Bob's face darkened. His eyes stayed locked on the disabled enemy tank, trying to figure out where it all went wrong.
"Enemy fire compromised Crew Nine's weapon systems," the dispatcher added, as if reading his mind. "Pursuit was not possible. Return to the staging area for your next assignment."
Bob let out a long, frustrated sigh. A few seconds later, the simulation protocols disengaged, and the tank's systems blinked back to life. He didn't waste any time turning the Basilisk for home.
"Hell of a ride," he muttered with a grin as he climbed out of the cockpit later. "No braindance can ever top that." He gave the tank's armor a solid pat, his hand lingering on the warm plating.
"Gotta admit, not a bad piece of kit," Mitch said, pulling himself out of the neighboring hatch. "But what worries me is the timeline. How long do you figure they'll give us to actually learn these things? Wouldn't put it past Myers to throw us into a meat grinder by next week."
"Doubt it. Even she's not that stupid," Driss replied, shaking his head as he joined the others. "Besides, I don't think Myers handles deployments personally. Militech has a whole department of paper-pushers for that."
"Agreed. Corps care too much about their eddies to waste expensive gear on half-trained rookies," Simos added with a shrug. "You can bet the suits aren't signing off on that kind of risk."
"Look, one thing I know for sure," Bob cut in, his voice low. "They're not sending us to the frontlines for at least two weeks. Word is, no live-fire ops for new blood inside the first month. We'll be on milk runs — escorting convoys, getting our hours in. Then they'll toss us into the fire."
That last part was clearly a relief. Shoulders relaxed and the tension bled out of the group. Bob felt a small bit of pride at easing their nerves. The reason for his insight was simple: he'd hit it off with a couple of instructors early on, and they'd let slip more than they should have. The corps might play their cards close, but Bob had a knack for reading people.
"Alright, heart-to-heart's over," a deep voice barked from behind them.
A broad-shouldered man in a crisp Militech uniform strode into view, all business.
"You've wrapped your maneuver drills, now it's time for post-op maintenance. Your crew, your responsibility. You've already got the datasheets." The instructor's eyes landed on Teddy and Driss's tank. "Crew Eight — watch your port-side anti-gravs. They were sagging on the approach. Get the techs to run diagnostics."
Without waiting for a reply, he marched off toward another squad, his voice already barking out the same orders.
The nomads shared a look, then got to work without a word. The Basilisk was a world away from the rigs they were used to, but the instructional chips Militech had slotted them made the repairs surprisingly straightforward.
Simos and Merian finished up on their tank and started to head over to help, but a sharp look from Mitch stopped them cold. The message was clear: We've got this.

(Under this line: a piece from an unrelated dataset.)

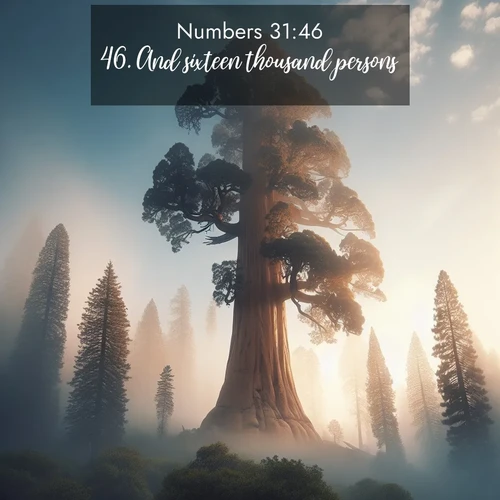 BasicEnglish Numbers  ; image nature: image with the bible verse :And sixteen thousand persons;) ; Explore a rich collection of Bible verse images beautifully illustrated by natural landscapes, such as colorful skies, towering mountains, and tranquil rivers. The images highlight the serenity of God&#039;s creation with vivid tones and carefully chosen typography. Download and share inspiring verses like KJV Numbers 31:46. Current verse is overlayed with the thematic nature scene : A giant sequoia reaches through morning fog. Centuries of growth stretch skyward in silent majesty. ; 31:46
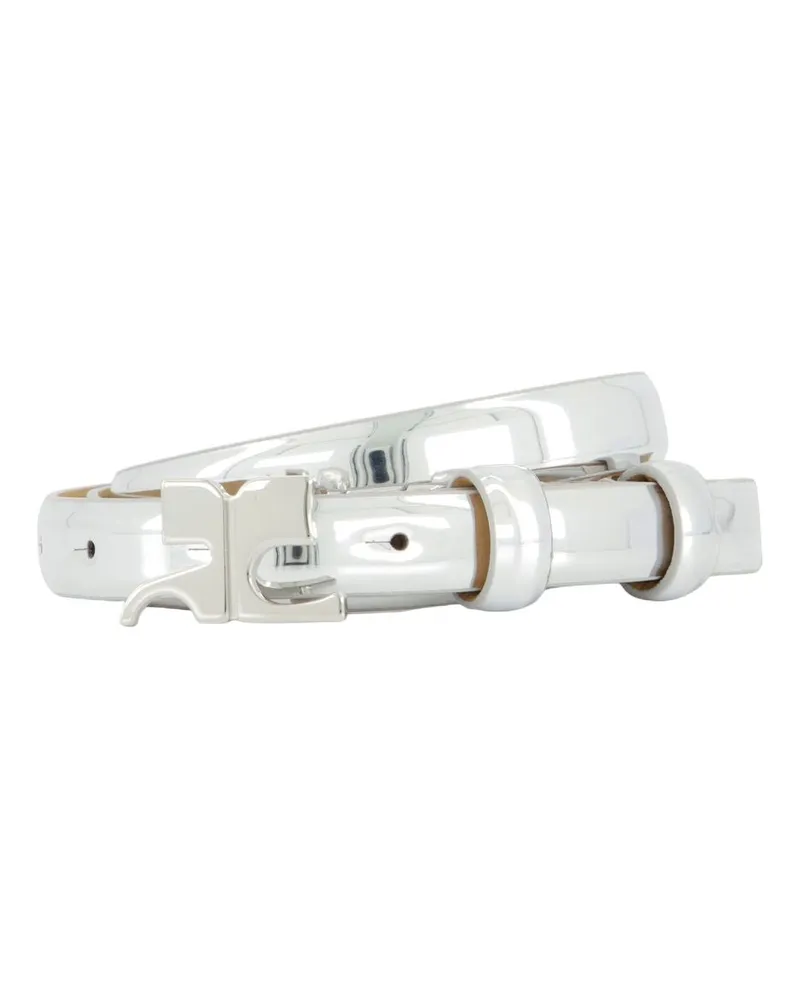 Courrèges Wechselstrom -Spiegelgürtel -Courreves Leder Silber Silver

"Finally done," Bob exhaled, stepping back from the Basilisk's maintenance panel. "Never thought anti-grav tuning would be this finicky. Mitch, you good?"
"Been waiting on you," Mitch called back as he hopped off the Basilisk's hull. "I'm starving."
He gave his stomach a theatrical pat, earning a round of laughter from the others as they all headed for the mess hall.